### What is being asked
Your reply is to be the lines below, exactly as written, with images omitted.

*** Input

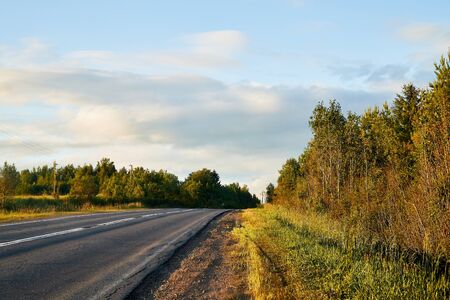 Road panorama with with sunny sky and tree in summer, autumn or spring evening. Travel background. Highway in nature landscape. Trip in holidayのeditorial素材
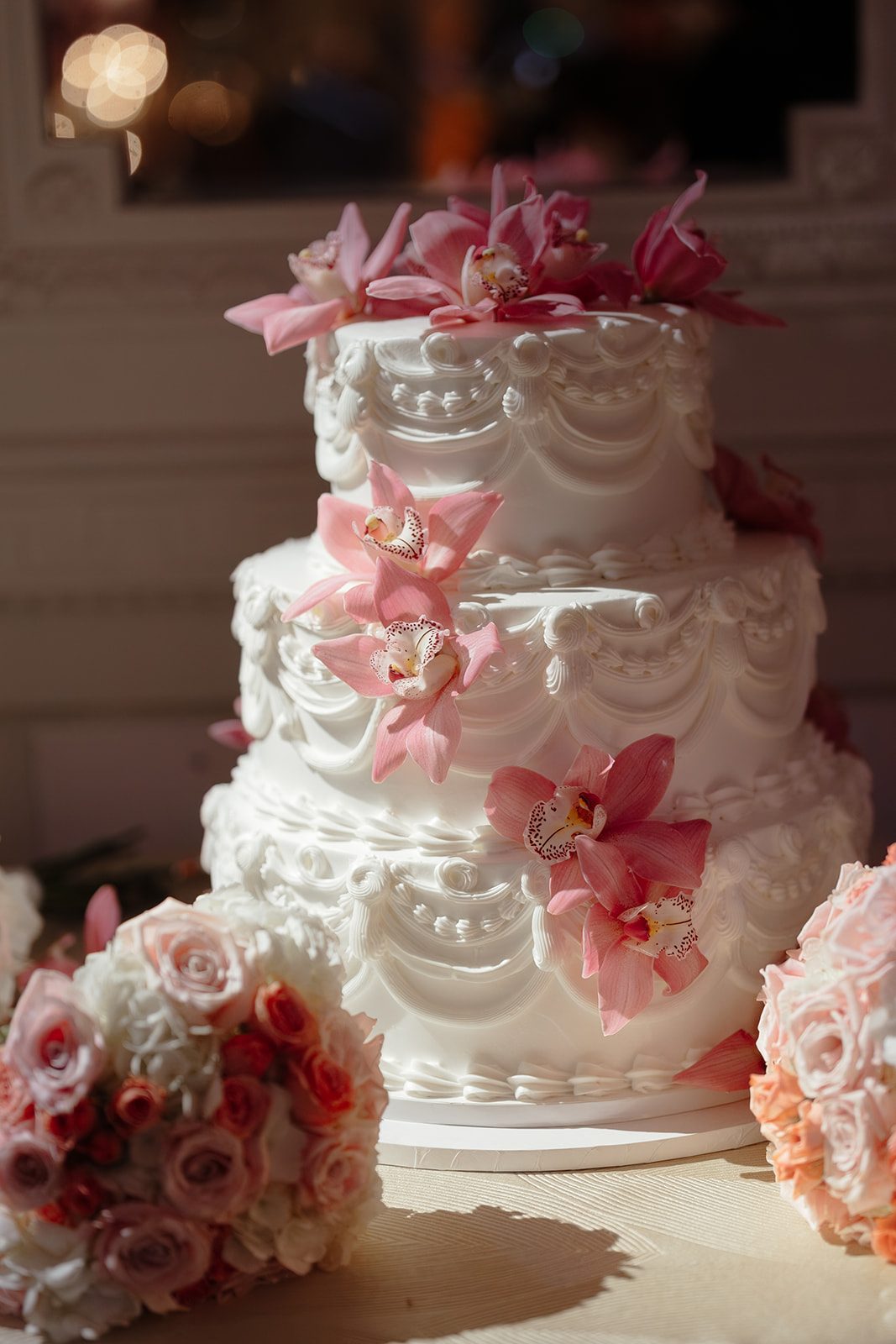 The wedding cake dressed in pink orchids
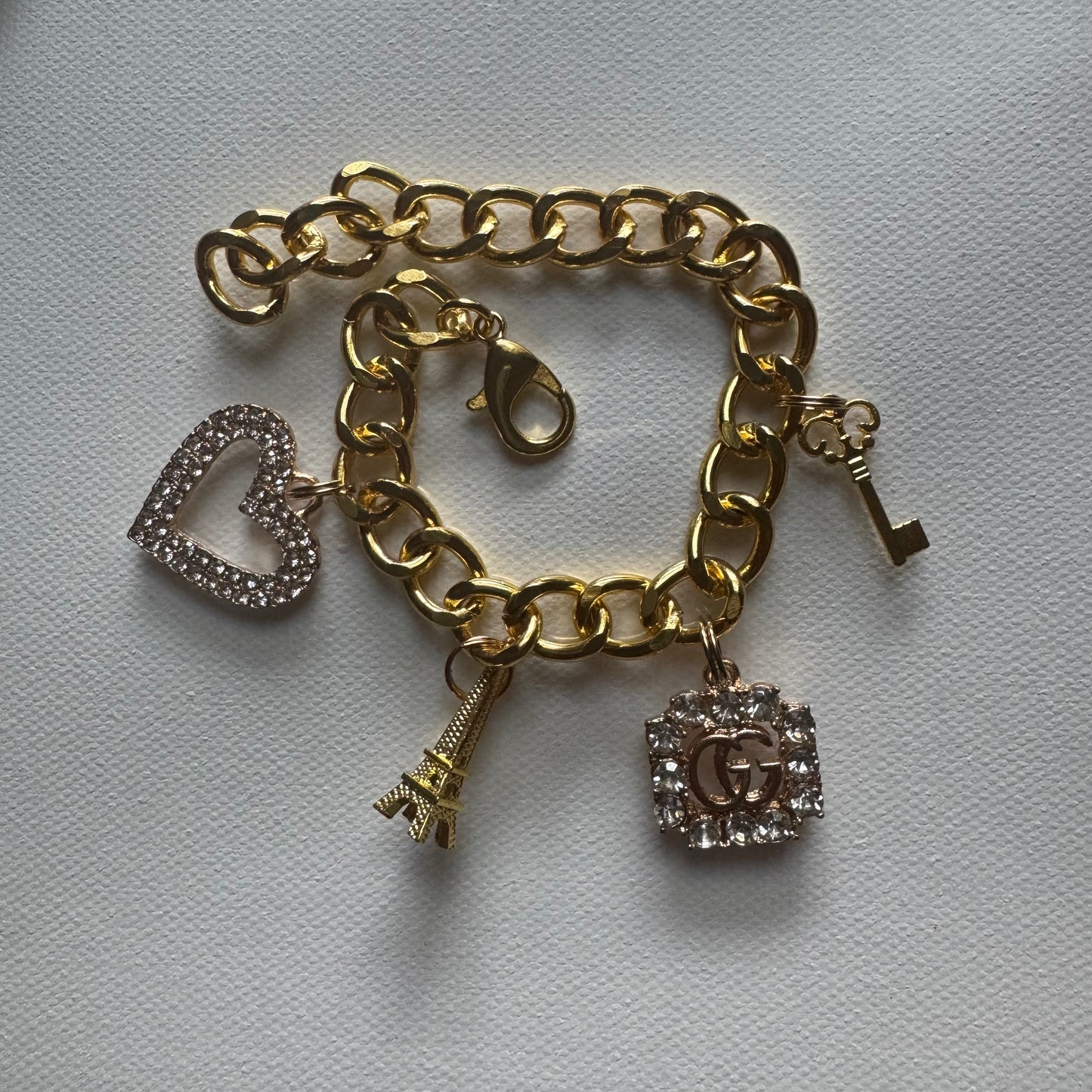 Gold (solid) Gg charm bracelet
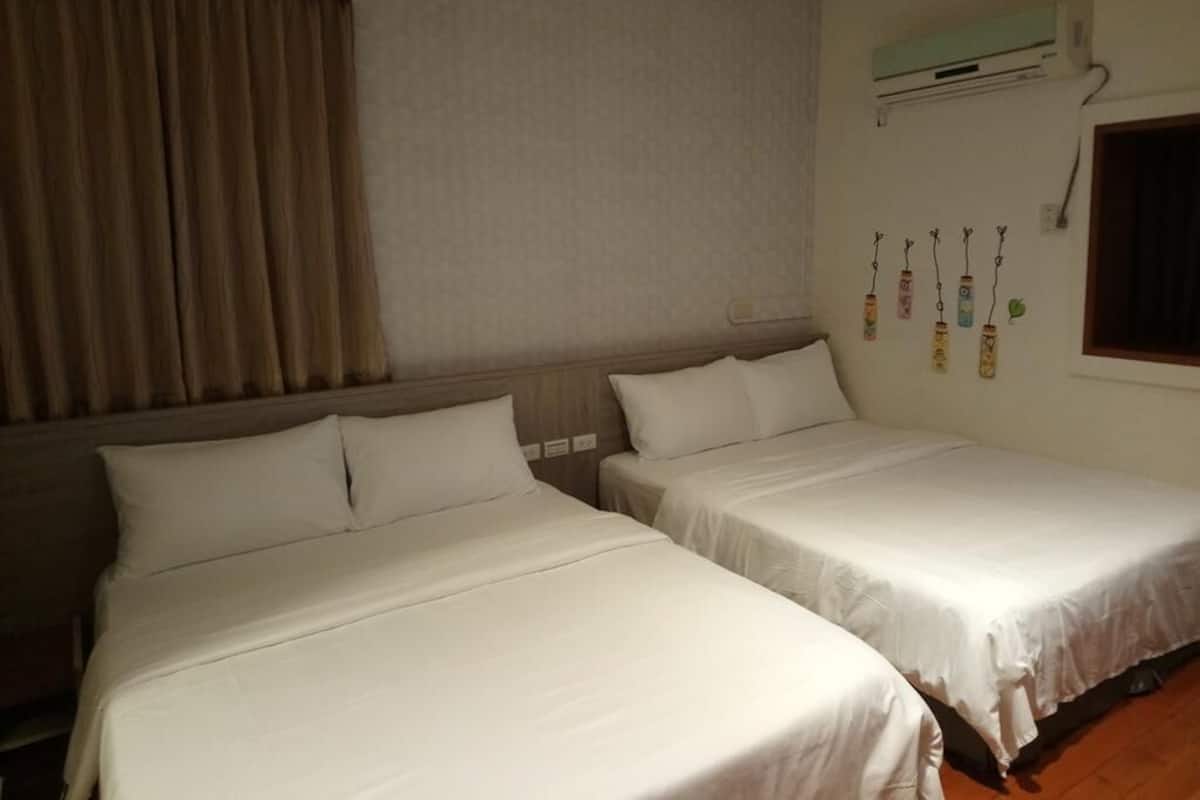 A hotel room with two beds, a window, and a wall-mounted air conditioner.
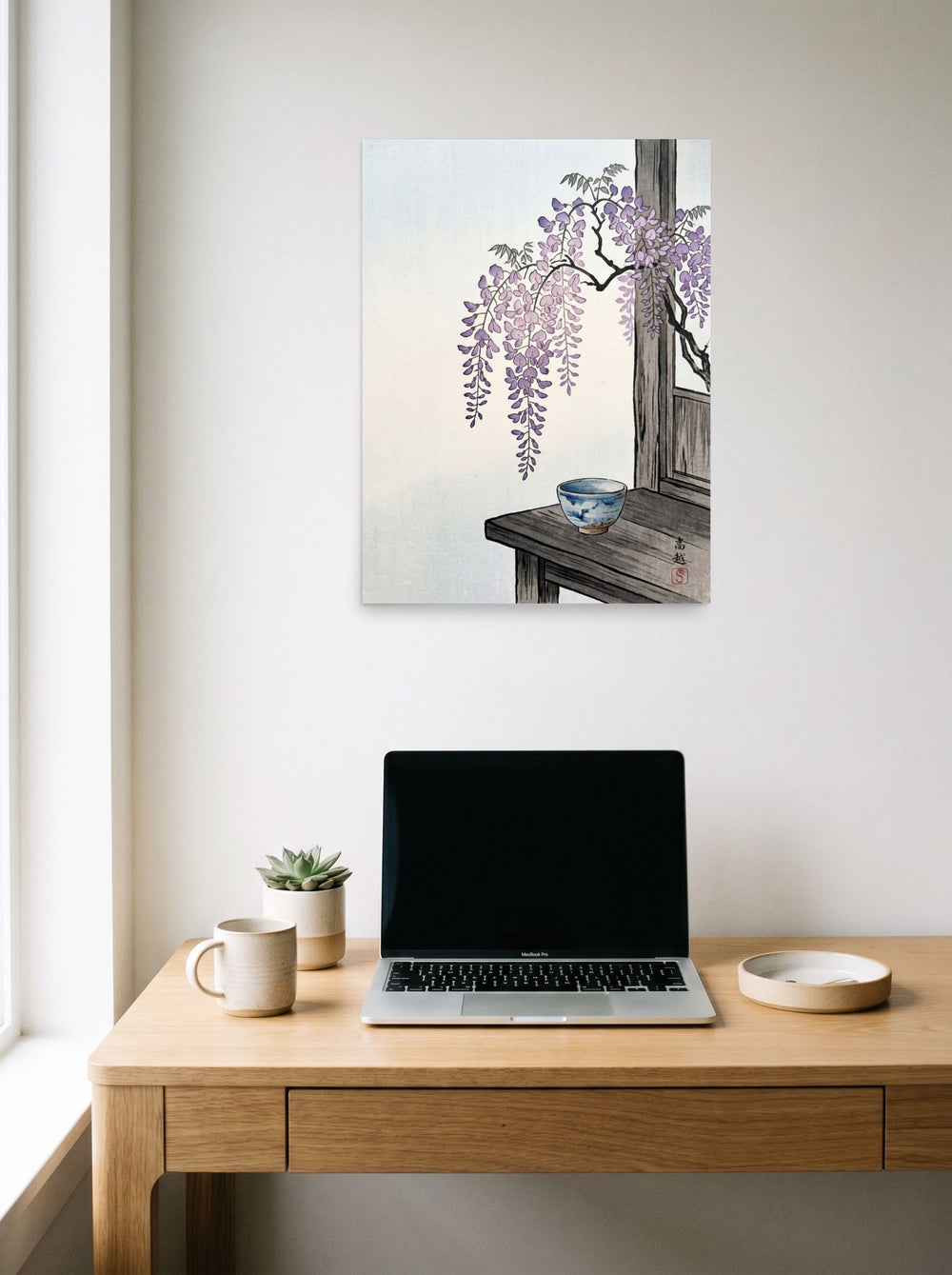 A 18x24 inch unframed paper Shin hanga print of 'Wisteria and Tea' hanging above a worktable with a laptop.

******

### Your solution
 Road panorama with with sunny sky and tree in summer, autumn or spring evening. Travel background. Highway in nature landscape. Trip in holidayのeditorial素材
 The wedding cake dressed in pink orchids
 Gold (solid) Gg charm bracelet
 A hotel room with two beds, a window, and a wall-mounted air conditioner.
 A 18x24 inch unframed paper Shin hanga print of 'Wisteria and Tea' hanging above a worktable with a laptop.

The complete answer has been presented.